De acordo com os arquivos, a ideia era usar músicos cubanos “para romper o bloqueio de informação” e construir uma rede de jovens que procurassem uma “mudança social” em relação à liderança dos irmãos Castro, no poder desde 1959.
No entanto, a operação foi classificada como amadora e foi mal sucedida. O programa secreto dos EUA também envolveu a empresa Creative Associates International, com base em Washington, DC, que pagou milhões de dólares para minar o governo comunista de Cuba.
Em pelo menos seis ocasiões, as autoridades cubanas detiveram ou interrogaram pessoas envolvidas no programa, confiscando também equipamentos de informática. Segundo investigação da agência de notícias norte-americana, em muitas ocasiões os músicos cubanos não tinham ideia de que eles haviam sido apanhados para uma operação clandestina dos EUA.
Os documentos acessados pela AP contêm milhares de páginas que incluem contratos, e-mails, chats preservados, orçamentos, relatórios de despesas, pontos de energia, fotografias e passaportes. Além disso, os arquivos também trazem à tona o projeto do Twitter cubano, outra operação revelada em abril deste ano pela Associated Press.
“As alegações de que o nosso trabalho é secreto ou dissimulado são simplesmente falsas”, declarou a Usaid em um comunicado na quarta-feira (10/12). Segundo a agência governamental, seus programas foram destinados a “reforçar a sociedade civil”, em lugares onde “muitas vezes o engajamento cívico é suprimido e onde as pessoas são perseguidas, presas, submetidas a danos físicos ou a consequências piores”. Já a Creative Associates preferiu não comentar o caso.
Histórico da operação
A princípio, a operação hip-hop foi executada em Cuba pelo sérvio Rajko Bozic. O projeto foi inspirado nos concertos de protesto do movimento estudantil que ajudou a minar o ex-presidente sérvio Slobodan Milosevic em 2000.
Na ilha caribenha, a proposta era recrutar dezenas de músicos cubanos para projetos disfarçados de iniciativas culturais, mas realmente destinados a fomentar um movimento de fãs que desafiassem o governo de Raúl Castro.
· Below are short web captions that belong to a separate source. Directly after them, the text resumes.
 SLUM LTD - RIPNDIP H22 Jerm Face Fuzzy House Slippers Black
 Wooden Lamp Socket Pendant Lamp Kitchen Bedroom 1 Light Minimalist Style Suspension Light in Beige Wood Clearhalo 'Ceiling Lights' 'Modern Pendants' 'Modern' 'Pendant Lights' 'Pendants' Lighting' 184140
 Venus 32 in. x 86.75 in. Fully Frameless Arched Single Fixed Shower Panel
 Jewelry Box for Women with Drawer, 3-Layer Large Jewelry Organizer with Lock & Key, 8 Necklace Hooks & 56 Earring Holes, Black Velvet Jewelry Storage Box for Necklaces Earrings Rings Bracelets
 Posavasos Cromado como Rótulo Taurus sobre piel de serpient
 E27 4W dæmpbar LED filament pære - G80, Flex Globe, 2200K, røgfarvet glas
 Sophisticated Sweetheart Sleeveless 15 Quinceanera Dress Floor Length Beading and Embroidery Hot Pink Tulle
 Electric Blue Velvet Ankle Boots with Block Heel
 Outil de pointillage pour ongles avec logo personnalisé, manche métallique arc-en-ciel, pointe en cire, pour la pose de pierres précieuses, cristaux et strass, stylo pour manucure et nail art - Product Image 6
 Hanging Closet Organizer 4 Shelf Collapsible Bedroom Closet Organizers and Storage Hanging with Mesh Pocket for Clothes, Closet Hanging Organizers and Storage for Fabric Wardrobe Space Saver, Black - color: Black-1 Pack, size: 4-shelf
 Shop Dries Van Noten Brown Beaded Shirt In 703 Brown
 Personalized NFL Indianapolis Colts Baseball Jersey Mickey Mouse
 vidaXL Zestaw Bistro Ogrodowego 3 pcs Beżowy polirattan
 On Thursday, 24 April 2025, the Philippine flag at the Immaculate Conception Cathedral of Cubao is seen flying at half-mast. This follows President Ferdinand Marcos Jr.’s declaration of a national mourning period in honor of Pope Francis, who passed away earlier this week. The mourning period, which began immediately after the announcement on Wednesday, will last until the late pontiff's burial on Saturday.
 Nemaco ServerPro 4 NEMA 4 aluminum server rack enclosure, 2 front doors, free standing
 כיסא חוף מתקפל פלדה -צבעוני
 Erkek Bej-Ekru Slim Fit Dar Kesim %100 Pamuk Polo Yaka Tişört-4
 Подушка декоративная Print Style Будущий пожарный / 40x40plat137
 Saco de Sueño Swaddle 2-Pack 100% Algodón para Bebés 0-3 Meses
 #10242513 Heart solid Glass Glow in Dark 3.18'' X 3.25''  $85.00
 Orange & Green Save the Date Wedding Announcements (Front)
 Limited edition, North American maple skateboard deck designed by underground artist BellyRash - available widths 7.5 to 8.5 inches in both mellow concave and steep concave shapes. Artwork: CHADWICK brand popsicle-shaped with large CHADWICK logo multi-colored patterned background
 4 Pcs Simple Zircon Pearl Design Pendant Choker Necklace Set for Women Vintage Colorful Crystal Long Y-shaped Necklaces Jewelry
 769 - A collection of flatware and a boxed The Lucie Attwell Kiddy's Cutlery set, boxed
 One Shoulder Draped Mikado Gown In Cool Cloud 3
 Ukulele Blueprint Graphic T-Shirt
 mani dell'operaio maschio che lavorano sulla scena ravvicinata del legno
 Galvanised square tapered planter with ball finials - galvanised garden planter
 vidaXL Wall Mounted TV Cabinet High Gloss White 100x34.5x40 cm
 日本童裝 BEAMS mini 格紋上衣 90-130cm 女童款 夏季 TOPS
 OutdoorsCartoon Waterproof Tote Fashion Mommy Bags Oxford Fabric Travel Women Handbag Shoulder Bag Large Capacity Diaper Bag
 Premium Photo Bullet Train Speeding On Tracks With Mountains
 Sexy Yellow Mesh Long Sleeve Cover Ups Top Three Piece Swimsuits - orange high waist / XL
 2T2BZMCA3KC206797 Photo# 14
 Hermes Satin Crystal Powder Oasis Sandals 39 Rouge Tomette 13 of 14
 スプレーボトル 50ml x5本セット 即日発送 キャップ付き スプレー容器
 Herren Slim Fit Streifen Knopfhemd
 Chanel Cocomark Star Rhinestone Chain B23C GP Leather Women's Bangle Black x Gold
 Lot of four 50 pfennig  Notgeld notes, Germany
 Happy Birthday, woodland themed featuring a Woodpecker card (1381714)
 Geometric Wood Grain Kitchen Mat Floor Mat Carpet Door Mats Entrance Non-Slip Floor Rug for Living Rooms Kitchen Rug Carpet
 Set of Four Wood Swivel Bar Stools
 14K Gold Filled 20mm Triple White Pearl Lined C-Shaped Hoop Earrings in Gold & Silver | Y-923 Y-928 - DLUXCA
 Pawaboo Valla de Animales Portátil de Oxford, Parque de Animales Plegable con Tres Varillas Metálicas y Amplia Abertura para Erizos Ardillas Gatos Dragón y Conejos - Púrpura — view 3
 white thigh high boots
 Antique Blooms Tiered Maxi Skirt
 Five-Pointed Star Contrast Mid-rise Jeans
Rajko Bozic, então, focou em Los Aldeanos, um grupo de hip-hop frustrado com a pressão oficial e amplamente respeitado pela juventude cubana por suas letras contundentes.
Por sua vez, a Creative Associates usou uma empresa de fachada no Panamá e um banco no Lichtenstein para ocultar o rastro do dinheiro de Cuba, onde milhares de dólares foram usados para financiar um programa de TV estrelado por Los Aldeanos.
Em setembro de 2009, o cantor pop colombiano Juanes anunciou show em Havana. Na ocasião, empresários da Creative tentaram persuadir o artista para deixar Los Aldeanos tocarem juntos. A empreitada não deu certo, mas Juanes chegou a agradecer publicamente os rappers após o concerto e foi fotografado com o grupo. O episódio gerou maior popularidade de Los Aldeanos na ilha.
Em um comunicado encaminhado ontem à AP, um porta-voz Juanes, John Reilly, disse que o concerto não teve agenda política e que “Juanes e os outros artistas da organização não têm qualquer conhecimento” da operação norte-americana.
Em agosto de 2010, Los Aldeanos subiu ao palco no Rotilla, um dos maiores festivais de música independente das autoridades cubanas. Diante de uma multidão de cerca de 15 mil pessoas, eles dilaceraram funcionários do governo pelo nome e provocaram a polícia. Após esse episódio, Rotilla passou a ser organizado pelo governo cubano e os integrantes de Los Aldeanos acabaram se mudando para o sul da Flórida, reclamando que era impossível continuar a trabalhar na ilha.